The government has learned an important lesson from this experience and wants to rebuild that buffer for the future. It is clear that nothing will take priority over getting the level of debt down. Any hints of tax cuts or promises of restarting contributions to the New Zealand Superannuation Fund are foremost contingent on getting net debt down. If the economy does better than is expected over the next few years, that extra money will go back to repaying lenders well before there is any sniff of tax cuts.
High dairy prices and low interest rates have buoyed the New Zealand economy, but at the cost of a high New Zealand dollar and the corresponding strain that puts on exporters. The government knows that this convergence of favorable conditions (relative to the rest of the world) cannot go on forever. They want, and need, to make sure there is still some money in the jar to cover every eventuality of the tide does turn against us.

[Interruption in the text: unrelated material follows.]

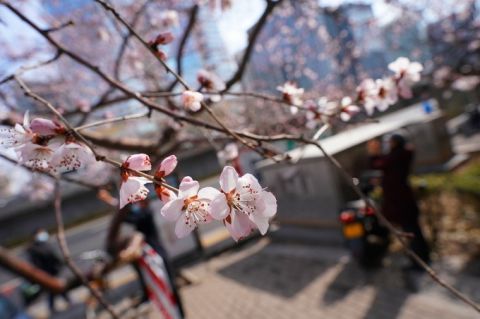 气温|北京最新天气预报：白天阳光在线，气温明显回升，最高气温15℃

They also know they need to keep interest rates down to keep the good times going as long as they can. Advice to the government says any increase in spending of more than $1.5 billion per annum will be inflationary and will lead the Reserve Bank to push up interest rates faster than they otherwise would. The government is determined to do all it can to avoid that. So spending is not going up and taxes are not coming down. What does that leave? Repayment of debt.

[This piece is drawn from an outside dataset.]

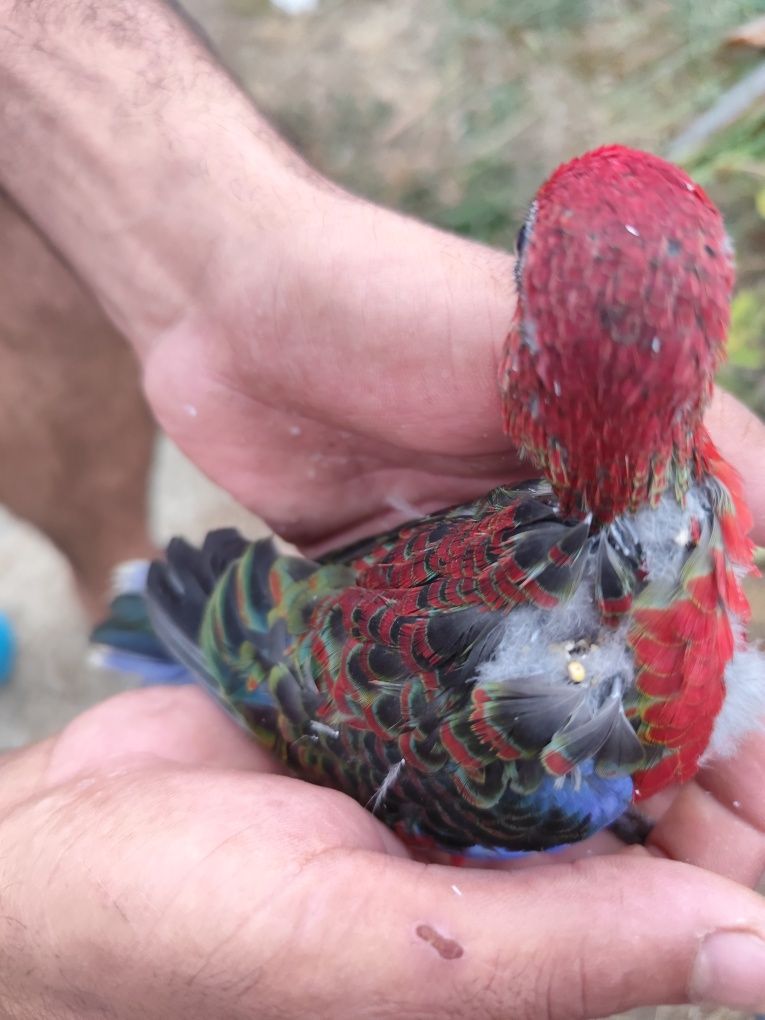 Roselas Penantes Vermelhas – Filhotes Mansos,  para Criação à Mão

When it comes to an election showdown over tax policy, this Budget does put a small stake in the ground. Recent speculation has suggested the National government is warming slightly to the possibility of a capital gains tax. Buried in the Fiscal Strategy Report is a comment that at the time of the Tax Working Group the government considered and rejected both a land tax and a capital gains tax and “the Government is comfortable with the broad structure of the tax system and has no plans for further major reforms in the near term”. It looks like it will be only Labour and the Greens that go into the next election promising new taxes.

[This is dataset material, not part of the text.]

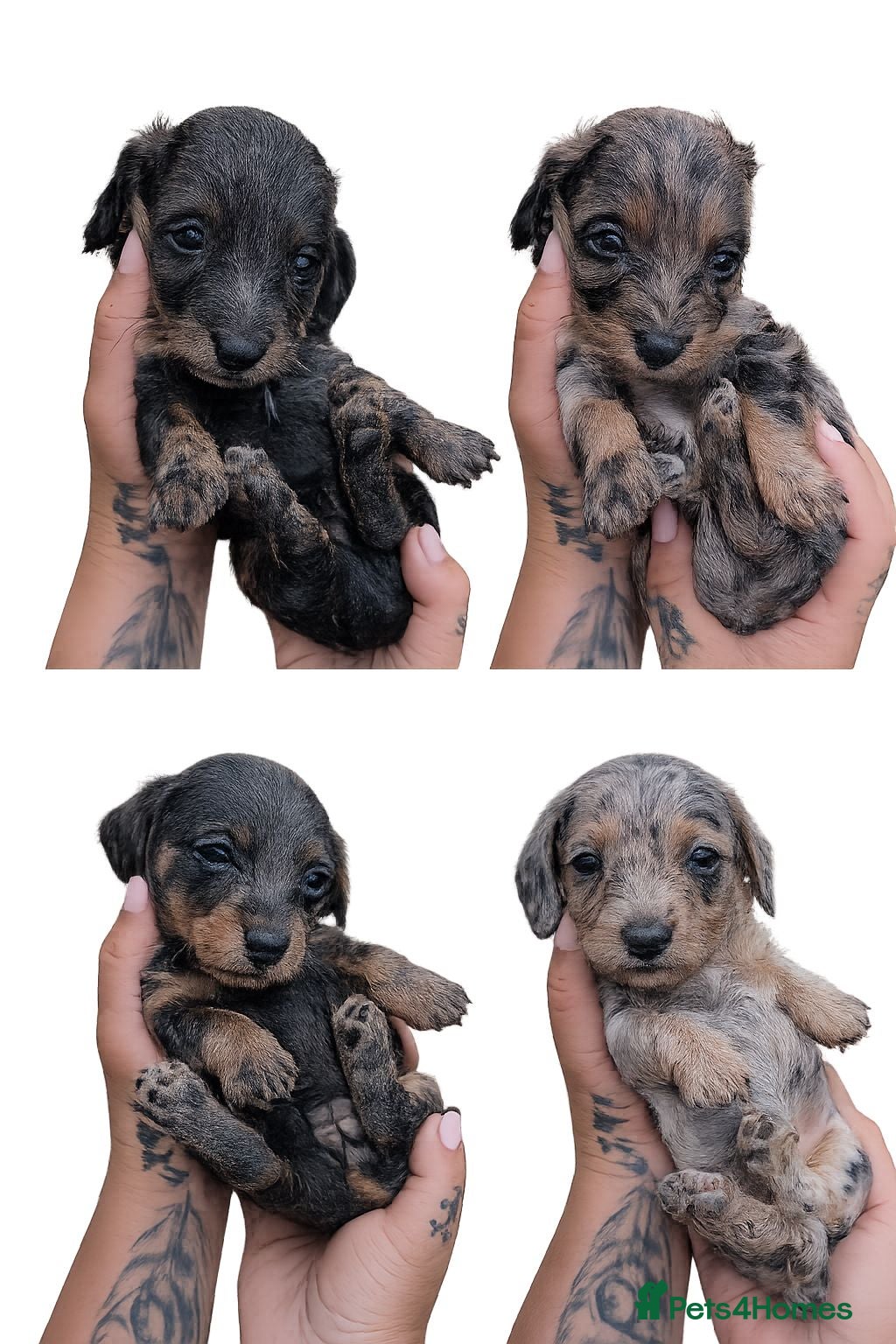 Dachshund dogs Longhaired Miniature Dachshunds - Advert 1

If not capital gains tax (the effect of which on house prices in the long term is dubious at best) what, then, is to be done about at all consuming issue of housing prices? First, tariffs and duties on building products will be removed. This is expected to cut $3,500 from the cost of building a home. Second, the Government wants to continue to increase supply through its program of housing accords. While 33,500 new sections have recently come into the supply chain in the Auckland housing market, this only goes some way to addressing the lack of building over the last few years combined with combined with positive net migration has continued to put upward pressure on house prices.
New spending, as would be expected in an election year, is focused on the social sector; health, early childhood education and schools, and the collective group the government calls “families”. New spending for this last group includes an extension of paid parental leave from 14 to 18 weeks, an increase in the amount and an extension of eligibility for the parental tax credit. While this slightly narrows the gap between the National and Labour policies, there is still plenty of ground to fight over in the coming months.
Aaron Quintal is a Tax Partner at Ernst & Young.